Learning By Playing
theodp writes "This week's NY Times Magazine — a special issue on education and technology — is tailor-made for the Slashdot crowd. For the cover story, Sarah Corbett explores the games-and-education movement, which she notes is alive and well at Quest to Learn, a NYC middle-school that aims to make school nothing less than 'a big, delicious video game.' Elsewhere in the issue, Paul Boutin writes about Microsoft's efforts to inspire The 8-Year-Old Programmer with its Kodu Project, and Nicholas Carlson reports on Columbia University's efforts to mix journalism and hard-core computer science with its unique dual-degree master's in journalism and CS. There's also an accompanying timeline that nicely illustrates how learning machines have progressed from the Horn-Book to the iPad."
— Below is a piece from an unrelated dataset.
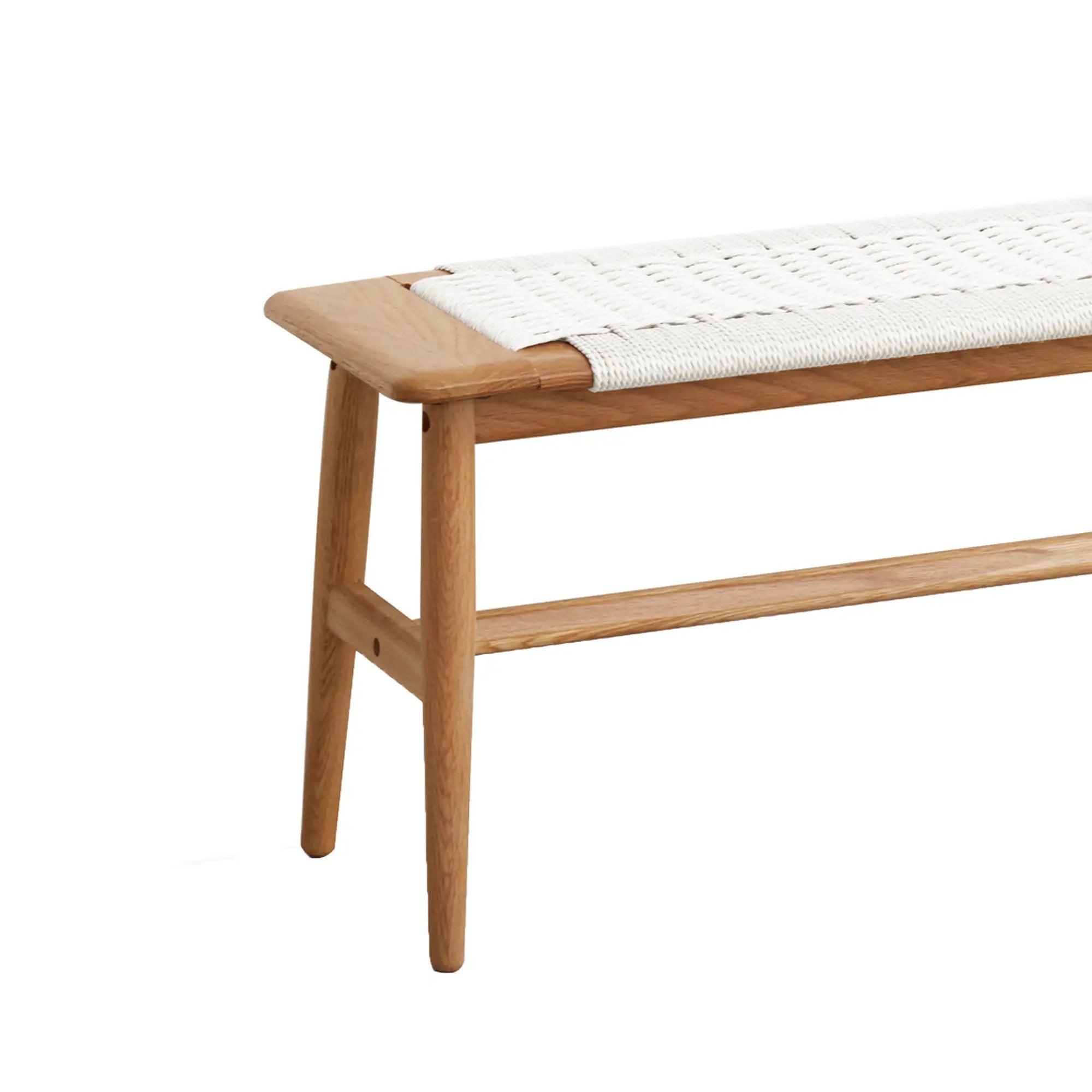 Design Natural Oak Wood Dining Bench with Handwoven Cane Seat in White by HouseOfZazla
Educational games tend to be pretty pathetic, but if you do any crafting in MMOs you'll find that some basic math skills are a big help. I'm sure that if you put higher forms of math, navigation, economics and social politics into an MMO, its players would quickly pick up on these concepts. As they are now, I don't think it's a very efficient way to learn. If you also added some tools and some tutorials for those things into the game, you might be able to make the learning process more efficient. Hell, they put protein folding into a game and made it fun, so I'm sure it could be done.
I'm trying to teach myself to set people on fire with my mind... Is it hot in here?
Why would you complicate things like that? And wouldn't the children without much ability to put themselves in another's shoes and ability to abstract be quite disadvantaged by a method of teaching like that? It's just the kind of "muddy" mixed-up way of teaching which I loathed in school - like mathbooks wich used such heavy layers of methaphor and allegory (to teach the kids to "use their skills in real life?") that getting a fix on the underlying system was 5x the normal work. This was fortunately absent from the physics books. When I got my college algebra textbook it was a godsend.
Emotions! In your brain!
I'm not so sure about Kudu and the ilk. The problem I have with it is that it isn't programming. The description of Kudu from the article (making a motorcycle racing game) sounds an awful lot like Racing Destruction Set or that Hypercard adventure game authoring tool I had for Macintosh that lead to some truly dreadful games. Also, I find the idea that you need some gimmicky, technicolor GUI for an 8-year-old to explore programming is a tad insulting to the 8-year-olds. I started learning Commodore-64 Basic when I was 6, and actually wrote a mildly sophisticated database program for my Little League Baseball team when I was 8 or 9. From the comments I've seen on Slashdot, my experience is certainly not unique. I think if I had started with Kudu I would have gotten bored and moved on. I'm an engineer now, largely I think from my childhood goofing about with computers.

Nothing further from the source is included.